> Work to be completed:
Repeat only the lines from the one that contains "Transderm- Nitro" through the final line of the listing below, exactly, please, without pictures.

> Available data:
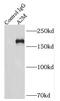 Alpha-2-Macroglobulin antibody, FNab00340, FineTest, Immunoprecipitation image 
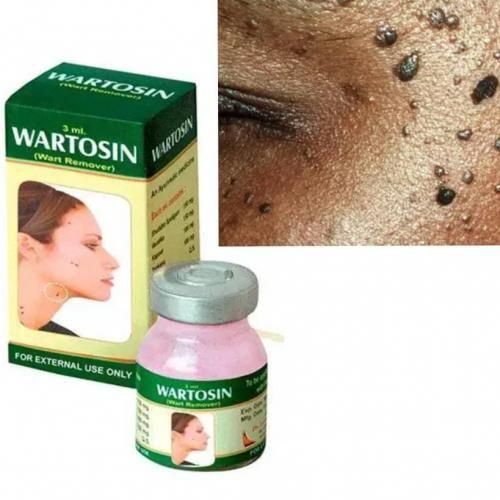 Ayurvedic Warts Remover/Removal Cream Ointment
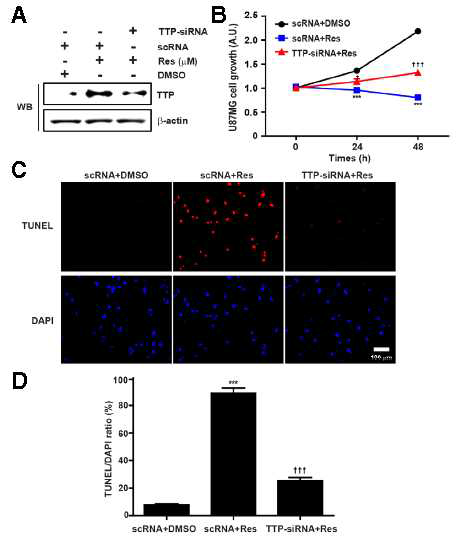 TTP 발현 감소에 의한 Res 항암효과 영향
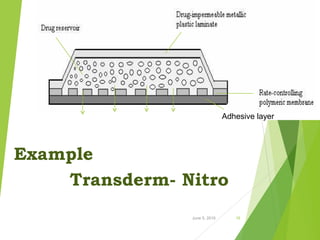 D
Example
Transderm- Nitro
June 5, 2016 16
Adhesive layer
 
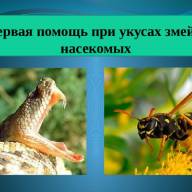 Действия при укусах насекомых, змей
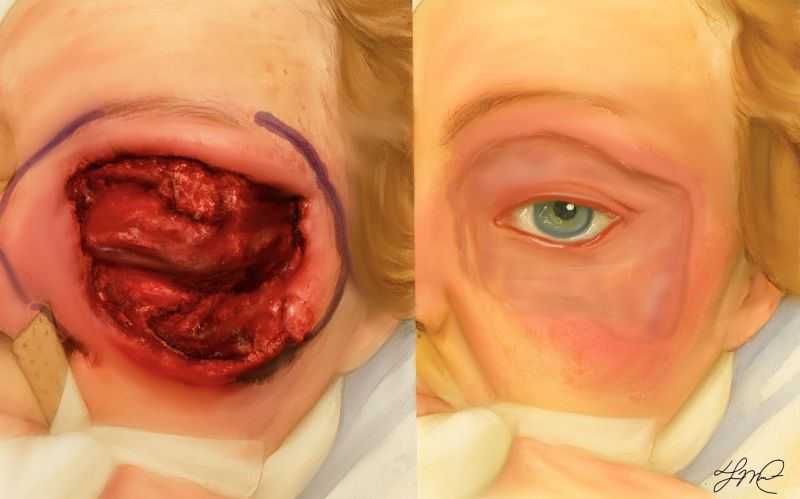 File:Sweet Syndrome .jpg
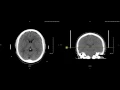 Unremarkable Non-Contrast CT Axial Scan - Example 3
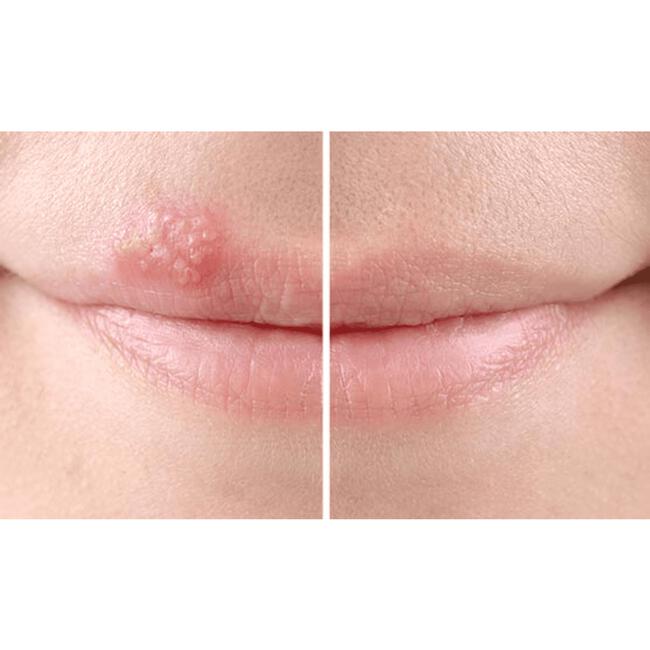 SoreFix Duo Patch voor Koortslip behandeling Ultradun, Transparant, Hypoallergeen 15 stuks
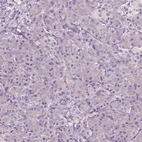 Immunohistochemical staining of human pancreas shows no positivity in exocrine glandular cells as expected.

> Solution for this exercise:
Transderm- Nitro
June 5, 2016 16
Adhesive layer
 
 Действия при укусах насекомых, змей
 File:Sweet Syndrome .jpg
 Unremarkable Non-Contrast CT Axial Scan - Example 3
 SoreFix Duo Patch voor Koortslip behandeling Ultradun, Transparant, Hypoallergeen 15 stuks
 Immunohistochemical staining of human pancreas shows no positivity in exocrine glandular cells as expected.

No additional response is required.